From the data underneath, reproduce exactly the stretch that begins at the line with "And then once" and ends after the line with "Protection from convulsions and".
━━━━━ STUDY MATERIAL ━━━━━
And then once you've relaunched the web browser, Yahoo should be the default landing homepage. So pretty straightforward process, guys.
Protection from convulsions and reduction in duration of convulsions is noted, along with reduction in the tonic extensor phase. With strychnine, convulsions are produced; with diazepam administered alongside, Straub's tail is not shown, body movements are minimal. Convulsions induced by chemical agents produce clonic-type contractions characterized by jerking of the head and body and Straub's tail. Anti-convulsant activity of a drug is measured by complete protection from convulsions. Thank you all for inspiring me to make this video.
━━━━━
━━━━━ STUDY MATERIAL ━━━━━
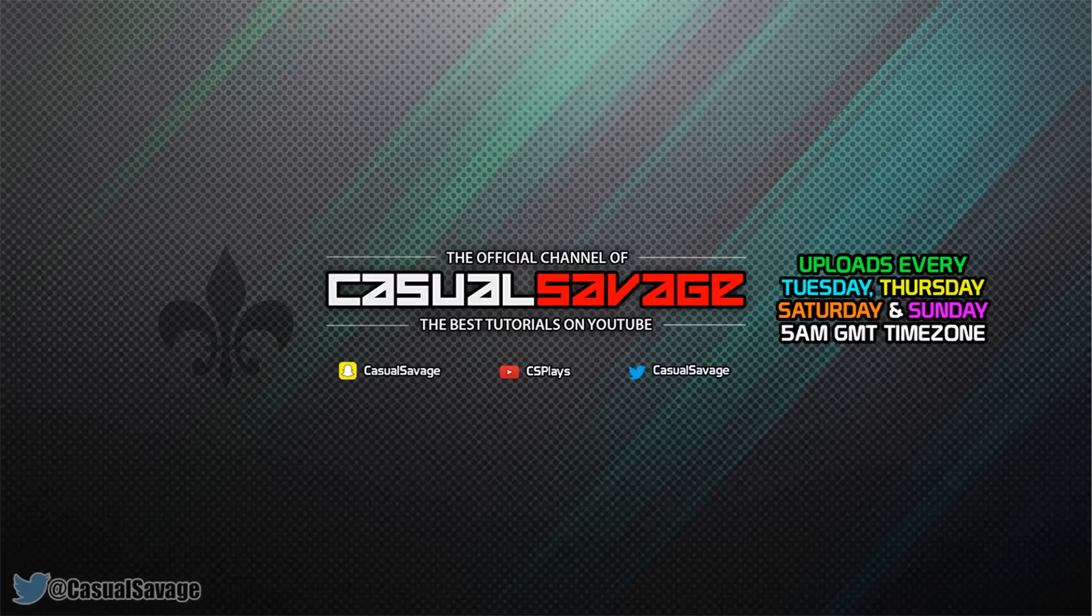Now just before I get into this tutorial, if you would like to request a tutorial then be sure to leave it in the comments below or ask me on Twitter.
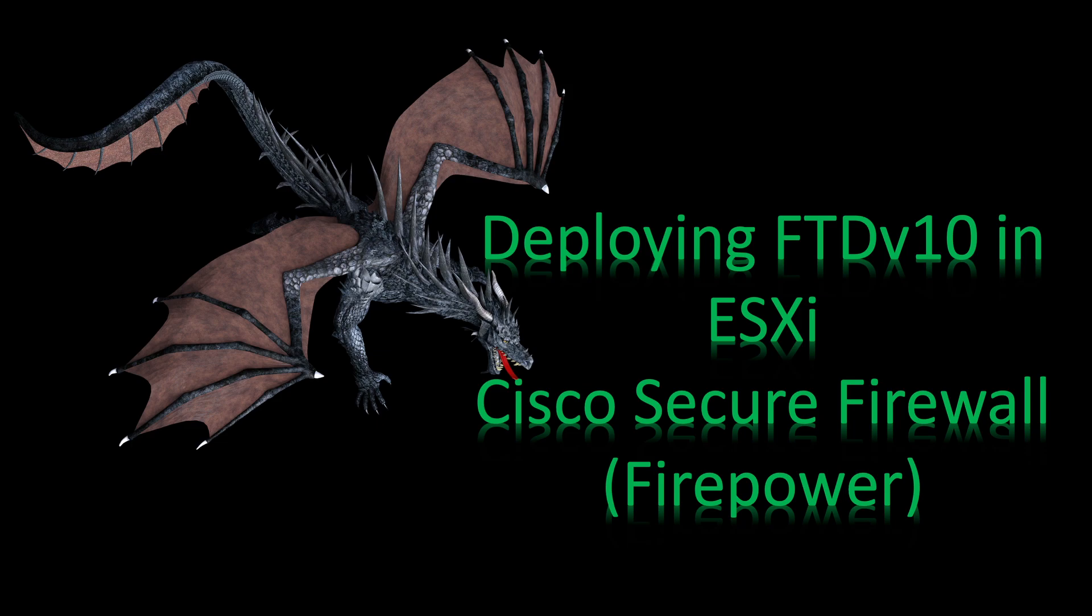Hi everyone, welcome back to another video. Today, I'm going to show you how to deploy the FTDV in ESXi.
━━━━━
◆ **ANSWER SPACE**:
And then once you've relaunched the web browser, Yahoo should be the default landing homepage. So pretty straightforward process, guys.
Protection from convulsions and reduction in duration of convulsions is noted, along with reduction in the tonic extensor phase. With strychnine, convulsions are produced; with diazepam administered alongside, Straub's tail is not shown, body movements are minimal. Convulsions induced by chemical agents produce clonic-type contractions characterized by jerking of the head and body and Straub's tail. Anti-convulsant activity of a drug is measured by complete protection from convulsions. Thank you all for inspiring me to make this video.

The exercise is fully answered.